▶ [Data supplied]:
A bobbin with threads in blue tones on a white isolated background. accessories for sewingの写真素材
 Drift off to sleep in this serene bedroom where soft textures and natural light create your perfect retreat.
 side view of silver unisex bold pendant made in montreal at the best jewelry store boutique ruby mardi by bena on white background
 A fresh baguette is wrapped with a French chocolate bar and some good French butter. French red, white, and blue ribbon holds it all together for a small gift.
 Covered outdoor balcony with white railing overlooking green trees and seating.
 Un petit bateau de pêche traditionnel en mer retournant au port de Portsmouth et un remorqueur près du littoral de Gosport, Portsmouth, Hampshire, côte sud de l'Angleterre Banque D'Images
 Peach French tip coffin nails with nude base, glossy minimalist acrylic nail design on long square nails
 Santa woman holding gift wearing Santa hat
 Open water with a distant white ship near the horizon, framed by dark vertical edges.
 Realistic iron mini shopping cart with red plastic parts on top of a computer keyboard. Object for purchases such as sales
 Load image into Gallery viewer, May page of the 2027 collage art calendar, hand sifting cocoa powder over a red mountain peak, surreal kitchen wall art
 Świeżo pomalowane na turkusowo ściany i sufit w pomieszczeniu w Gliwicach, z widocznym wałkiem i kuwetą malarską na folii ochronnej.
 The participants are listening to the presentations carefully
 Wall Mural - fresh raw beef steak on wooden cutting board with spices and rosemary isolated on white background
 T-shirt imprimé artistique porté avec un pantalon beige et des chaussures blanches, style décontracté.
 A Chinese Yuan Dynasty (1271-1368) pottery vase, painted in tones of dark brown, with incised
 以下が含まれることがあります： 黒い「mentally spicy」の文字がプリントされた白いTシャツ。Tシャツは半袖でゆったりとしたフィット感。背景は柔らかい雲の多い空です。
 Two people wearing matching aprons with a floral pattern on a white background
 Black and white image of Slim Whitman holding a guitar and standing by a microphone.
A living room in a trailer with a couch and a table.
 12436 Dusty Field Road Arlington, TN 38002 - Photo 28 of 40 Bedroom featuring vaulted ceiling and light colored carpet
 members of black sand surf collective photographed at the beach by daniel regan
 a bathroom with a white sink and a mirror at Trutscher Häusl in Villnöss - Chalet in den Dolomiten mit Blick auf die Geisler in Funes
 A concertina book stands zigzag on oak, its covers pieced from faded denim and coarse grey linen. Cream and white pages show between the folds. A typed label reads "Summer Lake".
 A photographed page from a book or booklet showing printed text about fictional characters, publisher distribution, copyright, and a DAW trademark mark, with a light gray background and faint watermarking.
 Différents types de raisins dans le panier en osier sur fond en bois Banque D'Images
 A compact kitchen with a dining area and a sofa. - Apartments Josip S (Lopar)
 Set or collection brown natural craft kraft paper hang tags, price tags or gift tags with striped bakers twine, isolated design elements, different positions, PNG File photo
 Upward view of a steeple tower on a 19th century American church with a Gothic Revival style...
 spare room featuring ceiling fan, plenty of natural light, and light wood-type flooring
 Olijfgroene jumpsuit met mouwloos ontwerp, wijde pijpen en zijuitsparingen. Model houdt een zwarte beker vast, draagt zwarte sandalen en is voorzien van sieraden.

▶ [How to complete this task]:
Write the data out once more, exactly as it was given.

▶ [Result of the exercise]:
A bobbin with threads in blue tones on a white isolated background. accessories for sewingの写真素材
 Drift off to sleep in this serene bedroom where soft textures and natural light create your perfect retreat.
 side view of silver unisex bold pendant made in montreal at the best jewelry store boutique ruby mardi by bena on white background
 A fresh baguette is wrapped with a French chocolate bar and some good French butter. French red, white, and blue ribbon holds it all together for a small gift.
 Covered outdoor balcony with white railing overlooking green trees and seating.
 Un petit bateau de pêche traditionnel en mer retournant au port de Portsmouth et un remorqueur près du littoral de Gosport, Portsmouth, Hampshire, côte sud de l'Angleterre Banque D'Images
 Peach French tip coffin nails with nude base, glossy minimalist acrylic nail design on long square nails
 Santa woman holding gift wearing Santa hat
 Open water with a distant white ship near the horizon, framed by dark vertical edges.
 Realistic iron mini shopping cart with red plastic parts on top of a computer keyboard. Object for purchases such as sales
 Load image into Gallery viewer, May page of the 2027 collage art calendar, hand sifting cocoa powder over a red mountain peak, surreal kitchen wall art
 Świeżo pomalowane na turkusowo ściany i sufit w pomieszczeniu w Gliwicach, z widocznym wałkiem i kuwetą malarską na folii ochronnej.
 The participants are listening to the presentations carefully
 Wall Mural - fresh raw beef steak on wooden cutting board with spices and rosemary isolated on white background
 T-shirt imprimé artistique porté avec un pantalon beige et des chaussures blanches, style décontracté.
 A Chinese Yuan Dynasty (1271-1368) pottery vase, painted in tones of dark brown, with incised
 以下が含まれることがあります： 黒い「mentally spicy」の文字がプリントされた白いTシャツ。Tシャツは半袖でゆったりとしたフィット感。背景は柔らかい雲の多い空です。
 Two people wearing matching aprons with a floral pattern on a white background
 Black and white image of Slim Whitman holding a guitar and standing by a microphone.
A living room in a trailer with a couch and a table.
 12436 Dusty Field Road Arlington, TN 38002 - Photo 28 of 40 Bedroom featuring vaulted ceiling and light colored carpet
 members of black sand surf collective photographed at the beach by daniel regan
 a bathroom with a white sink and a mirror at Trutscher Häusl in Villnöss - Chalet in den Dolomiten mit Blick auf die Geisler in Funes
 A concertina book stands zigzag on oak, its covers pieced from faded denim and coarse grey linen. Cream and white pages show between the folds. A typed label reads "Summer Lake".
 A photographed page from a book or booklet showing printed text about fictional characters, publisher distribution, copyright, and a DAW trademark mark, with a light gray background and faint watermarking.
 Différents types de raisins dans le panier en osier sur fond en bois Banque D'Images
 A compact kitchen with a dining area and a sofa. - Apartments Josip S (Lopar)
 Set or collection brown natural craft kraft paper hang tags, price tags or gift tags with striped bakers twine, isolated design elements, different positions, PNG File photo
 Upward view of a steeple tower on a 19th century American church with a Gothic Revival style...
 spare room featuring ceiling fan, plenty of natural light, and light wood-type flooring
 Olijfgroene jumpsuit met mouwloos ontwerp, wijde pijpen en zijuitsparingen. Model houdt een zwarte beker vast, draagt zwarte sandalen en is voorzien van sieraden.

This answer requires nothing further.